### EXTRACTED DATA
*** Block opens ***

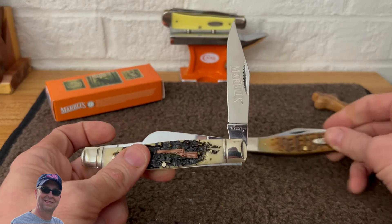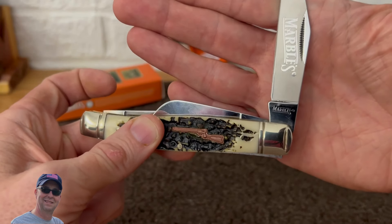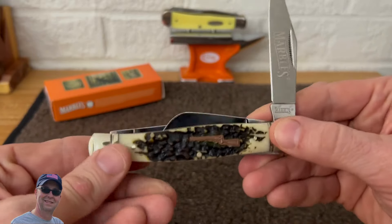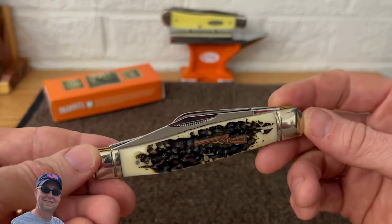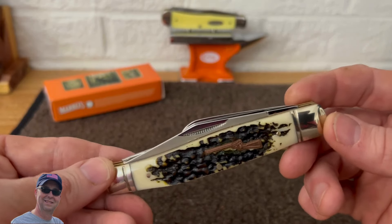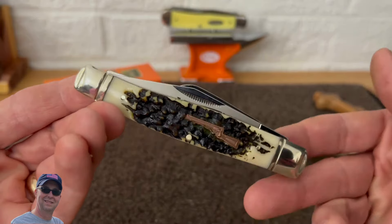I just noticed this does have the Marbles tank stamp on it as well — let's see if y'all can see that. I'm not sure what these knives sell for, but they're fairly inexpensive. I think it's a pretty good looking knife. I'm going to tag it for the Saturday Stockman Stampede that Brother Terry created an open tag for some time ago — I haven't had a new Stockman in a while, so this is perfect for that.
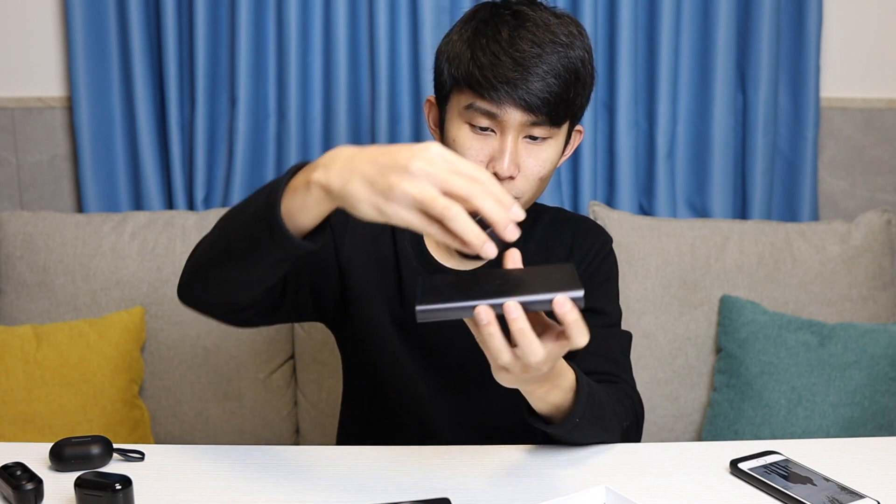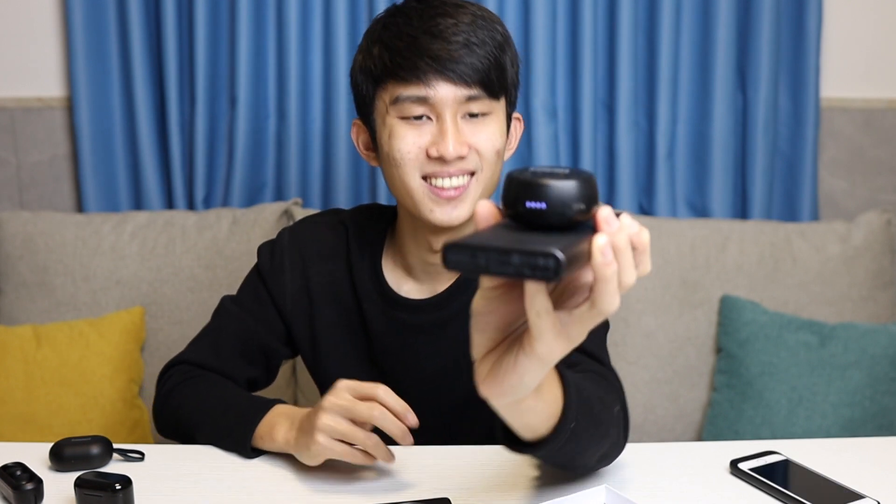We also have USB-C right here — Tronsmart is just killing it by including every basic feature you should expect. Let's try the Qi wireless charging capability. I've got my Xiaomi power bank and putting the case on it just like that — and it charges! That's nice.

*** Block closes ***
*** Block opens ***

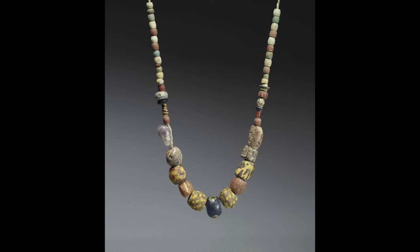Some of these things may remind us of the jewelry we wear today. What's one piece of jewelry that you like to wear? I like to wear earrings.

*** Block closes ***

### REQUIRED ACTION
Beginning with the line that contains "I just noticed", write out the lines of the material above exactly, and end with the line that contains "We also have". Omit the pictures.

### RESULT
I just noticed this does have the Marbles tank stamp on it as well — let's see if y'all can see that. I'm not sure what these knives sell for, but they're fairly inexpensive. I think it's a pretty good looking knife. I'm going to tag it for the Saturday Stockman Stampede that Brother Terry created an open tag for some time ago — I haven't had a new Stockman in a while, so this is perfect for that.
We also have USB-C right here — Tronsmart is just killing it by including every basic feature you should expect. Let's try the Qi wireless charging capability. I've got my Xiaomi power bank and putting the case on it just like that — and it charges! That's nice.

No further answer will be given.